The Sea Hawk
- 2007 e-book edition cover
- Author: Rafael Sabatini
- Language: English
- Publication date: 1915
- Publication place: United Kingdom

= The Sea Hawk =

Book by Rafael Sabatini

The Sea Hawk is a 1915 novel by Rafael Sabatini. The story is set over the years 1588–1593 and concerns a retired Cornish seafaring gentleman, Sir Oliver Tressilian, who is villainously betrayed by a jealous half-brother. After being forced to serve as a slave on a galley, Sir Oliver is liberated by Barbary pirates. He joins the pirates, gaining the name "Sakr-el-Bahr" (the hawk of the sea), and swears vengeance against his brother.

==Plot summary==
Sir Oliver Tressilian lives at the estate of Penarrow with his brother, Lionel. Oliver is betrothed to Rosamund Godolphin, whose hot-headed brother, Peter, detests the Tressilians due to an old feud between their fathers. Peter and Rosamund's guardian, Sir John Killigrew, also has little love for the Tressilians.

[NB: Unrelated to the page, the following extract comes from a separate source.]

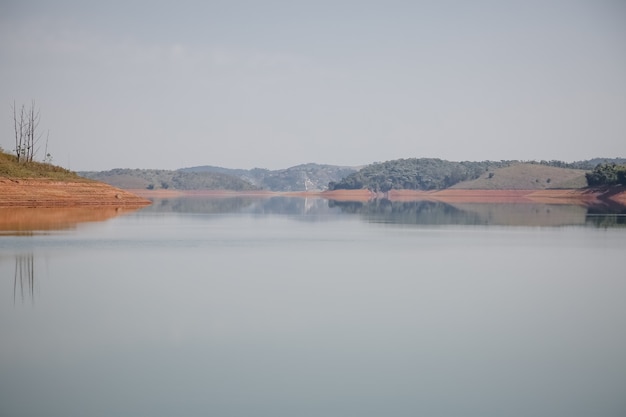 View of the dam in low water level water crisis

Peter's manipulations drive Oliver into a duel with Sir John. The scheme backfires: Sir John is seriously wounded, further stoking Peter's hatred. Peter attempts to bait Oliver into a violent confrontation, but Oliver is mindful of Rosamund's warning never to meet her brother in an affair of honor. One evening, Lionel returns home, bloodied and exhausted. He has killed Peter in a duel, but there were no witnesses. Oliver is widely believed to be Peter's killer, and Lionel does nothing to disprove the accusations. To avoid repercussions for Peter's death, Lionel has Oliver kidnapped and sold into slavery to ensure that he never reveals the truth. En route to the New World, the slave ship is boarded by the Spanish, and her crew are added to the slaves.

For six months Oliver toils at the oars of a Spanish galley. He befriends a Moorish slave, Yusuf-ben-Moktar. Oliver, Yusuf and the other slaves are freed when the galley is boarded by Muslim corsairs. They offer to fight for the Muslims. Oliver's fighting skills and the testimony of Yusuf, the nephew of the Basha of Algiers, grants Oliver special privileges in Muslim society. He becomes the corsair known as Sakr-el-Bahr, "the Hawk of the Sea". In this new role, Oliver rescues English slaves by purchasing them himself and releasing them in Italy.

Oliver captures a Spanish vessel and discovers his one-time kidnapper, Jasper Leigh, as a slave at the oars. He gives Jasper the opportunity to convert to Islam and join his corsairs. With Jasper's navigational skills, Sakr-el-Bahr sets sail for England to take revenge on Lionel.

Lionel has taken possession of Penarrow. He is now betrothed to Rosamund, who believes that Oliver murdered her brother. Sakr-el-Bahr carries them off to Algiers to be sold as slaves. The Basha takes a fancy to Rosamund, and plans to buy her himself. The Basha does not have enough ready cash to meet the high bid, and Sakr-el-Bahr wins her instead. The Basha threatens to take her by force, but Sakr-el-Bahr marries her, foiling the Basha's efforts. He also buys Lionel and tricks him into revealing the truth about Peter's death.

==Film adaptations ==
- Frank Lloyd directed and produced The Sea Hawk (1924), a silent film adaptation of the novel, which was fairly faithful to Sabatini's original plot.
- The well-known film The Sea Hawk (1940), starring Errol Flynn, was originally planned as an adaptation of the novel, but an entirely different story was substituted under the same title. Still a swashbuckling tale, however, the film used some footage taken directly from the 1924 adaptation.